Kawasaki Rena : les espoirs de la première Japonaise lauréate du Prix international pour la paix des enfants

Société Éducation

En novembre 2022, la jeune Kawasaki Rena est au centre de l’attention médiatique en se voyant décerner le Prix international de la paix des enfants. Elle devient par la même occasion la toute première personne de nationalité japonaise à être honorée de cette récompense, établie chaque année depuis 2005. Sur la liste des anciens lauréats figurent la prix Nobel de la paix Malala Yousafzai ou la militante écologiste Greta Thunberg. Rena est actuellement impliquée dans plusieurs projets et regrette que le Japon semble si peu ouvert au changement. Du haut de ses 17 ans, que pense-t-elle de la jeunesse japonaise d’aujourd’hui ?

Kawasaki Rena KAWASAKI Rena

Née à Osaka en 2005, elle est en dernière année de lycée à l’école internationale d’Osaka, Kwansei Gakuin. L’adolescente commence à mener des actions pour l’éducation et les droits de l’homme quand elle réalise qu’il y a des enfants qui, pour des raisons politiques, ne peuvent pas recevoir d’éducation. En 2020, alors âgée de 14 ans, elle fonde « Earth Guardians Japan », l’antenne japonaise d’une ONG internationale. De novembre 2020 à juin 2022, elle travaille à Euglena Co. Ltd, une entreprise japonaise spécialisée dans les biotechnologies et l’environnement, dont elle est la deuxième CFO (Chief Future Officer) en charge des questions d’avenir. Puis en novembre 2022, la Fondation KidsRights, une organisation de défense des droits de l’enfant basée aux Pays-Bas, la sélectionne parmi plus de 175 candidats venus de 46 pays pour recevoir le Prix international de la paix pour les enfants.

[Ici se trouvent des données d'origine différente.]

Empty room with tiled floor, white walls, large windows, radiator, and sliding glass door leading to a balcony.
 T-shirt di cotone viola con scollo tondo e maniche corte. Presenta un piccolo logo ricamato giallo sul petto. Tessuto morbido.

Privilégiée, elle prend conscience des « inégalités »

Rena Kawasaki est scolarisée dans une école internationale depuis la maternelle. Ses parents souhaitaient en effet que leur fille soit capable de s’expliquer clairement en anglais. « Mon père et ma mère avaient effectué des séjours aux États-Unis, tous deux avaient souffert de ne pas réussir à se faire comprendre à cause de leur mauvaise maîtrise de cette langue. »

C’est à l’âge de huit ans qu’elle réalise à quel point elle vit en privilégiée. Tout commence avec le livre intitulé Randoseru Across the Sea (Les cartables qui traversent les océans) qu’elle emprunte à la bibliothèque de son école. Ce recueil de photographies retrace comment des cartables inutilisés au Japon sont offerts à des écoliers en Afghanistan. Ces robustes cartables font même parfois office de pupitres aux enfants dont l’école a été détruite. (Voir notre article : Des cartables japonais « randoseru » contre le terrorisme en Afghanistan)

« Le matin au réveil, moi je suis libre de me dire que je ne veux pas aller en cours aujourd’hui. Mais ailleurs, ces enfants, eux, doivent se battre chaque jour pour recevoir une éducation. Pourquoi ? Ça me mettait tellement en colère. »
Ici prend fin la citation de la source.